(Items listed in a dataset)
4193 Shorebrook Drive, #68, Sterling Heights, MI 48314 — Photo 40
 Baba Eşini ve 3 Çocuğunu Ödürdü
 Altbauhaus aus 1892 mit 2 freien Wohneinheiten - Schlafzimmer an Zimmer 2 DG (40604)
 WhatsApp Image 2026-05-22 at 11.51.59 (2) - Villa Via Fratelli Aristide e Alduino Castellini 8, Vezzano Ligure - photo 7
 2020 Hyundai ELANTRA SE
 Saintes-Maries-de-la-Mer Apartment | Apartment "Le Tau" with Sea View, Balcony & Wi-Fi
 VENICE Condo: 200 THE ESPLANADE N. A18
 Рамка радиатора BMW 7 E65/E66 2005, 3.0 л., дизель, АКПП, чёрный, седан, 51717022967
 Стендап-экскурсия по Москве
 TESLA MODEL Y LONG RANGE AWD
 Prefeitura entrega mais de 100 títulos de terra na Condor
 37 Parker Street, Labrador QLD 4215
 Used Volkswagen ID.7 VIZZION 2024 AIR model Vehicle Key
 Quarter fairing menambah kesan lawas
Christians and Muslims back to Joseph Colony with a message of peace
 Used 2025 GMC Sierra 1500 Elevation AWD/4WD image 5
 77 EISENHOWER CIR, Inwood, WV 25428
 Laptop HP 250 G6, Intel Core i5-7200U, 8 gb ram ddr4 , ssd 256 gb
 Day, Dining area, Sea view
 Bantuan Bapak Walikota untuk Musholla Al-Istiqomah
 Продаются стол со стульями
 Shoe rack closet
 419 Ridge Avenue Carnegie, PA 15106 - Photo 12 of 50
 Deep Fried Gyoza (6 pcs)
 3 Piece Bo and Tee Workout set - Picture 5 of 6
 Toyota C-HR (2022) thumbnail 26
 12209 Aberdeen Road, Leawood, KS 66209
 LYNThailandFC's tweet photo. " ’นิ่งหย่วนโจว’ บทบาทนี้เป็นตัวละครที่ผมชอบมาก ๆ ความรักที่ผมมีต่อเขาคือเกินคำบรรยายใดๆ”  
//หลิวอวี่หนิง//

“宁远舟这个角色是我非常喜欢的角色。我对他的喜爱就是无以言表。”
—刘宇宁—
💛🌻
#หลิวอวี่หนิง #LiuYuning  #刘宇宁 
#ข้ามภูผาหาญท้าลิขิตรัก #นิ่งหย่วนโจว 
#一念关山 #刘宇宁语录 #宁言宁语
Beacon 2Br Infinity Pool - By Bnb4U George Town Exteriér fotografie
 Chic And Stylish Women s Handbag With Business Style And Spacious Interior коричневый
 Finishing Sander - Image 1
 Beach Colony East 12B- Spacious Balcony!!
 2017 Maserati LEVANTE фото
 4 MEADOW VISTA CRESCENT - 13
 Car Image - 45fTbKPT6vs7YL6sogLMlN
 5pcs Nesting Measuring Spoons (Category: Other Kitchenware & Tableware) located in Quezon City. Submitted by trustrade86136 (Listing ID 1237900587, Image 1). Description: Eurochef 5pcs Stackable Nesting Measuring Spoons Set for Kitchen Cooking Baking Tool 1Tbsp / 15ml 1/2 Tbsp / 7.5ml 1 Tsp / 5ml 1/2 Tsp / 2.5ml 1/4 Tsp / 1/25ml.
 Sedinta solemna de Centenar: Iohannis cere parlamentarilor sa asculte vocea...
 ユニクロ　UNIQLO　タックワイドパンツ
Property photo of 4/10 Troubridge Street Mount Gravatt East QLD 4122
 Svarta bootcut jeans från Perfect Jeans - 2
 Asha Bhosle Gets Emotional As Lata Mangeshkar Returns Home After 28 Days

Problem requirements
Show all lines in the entries above where the string "Balcony" appears.

Exercise output
 Saintes-Maries-de-la-Mer Apartment | Apartment "Le Tau" with Sea View, Balcony & Wi-Fi
 Beach Colony East 12B- Spacious Balcony!!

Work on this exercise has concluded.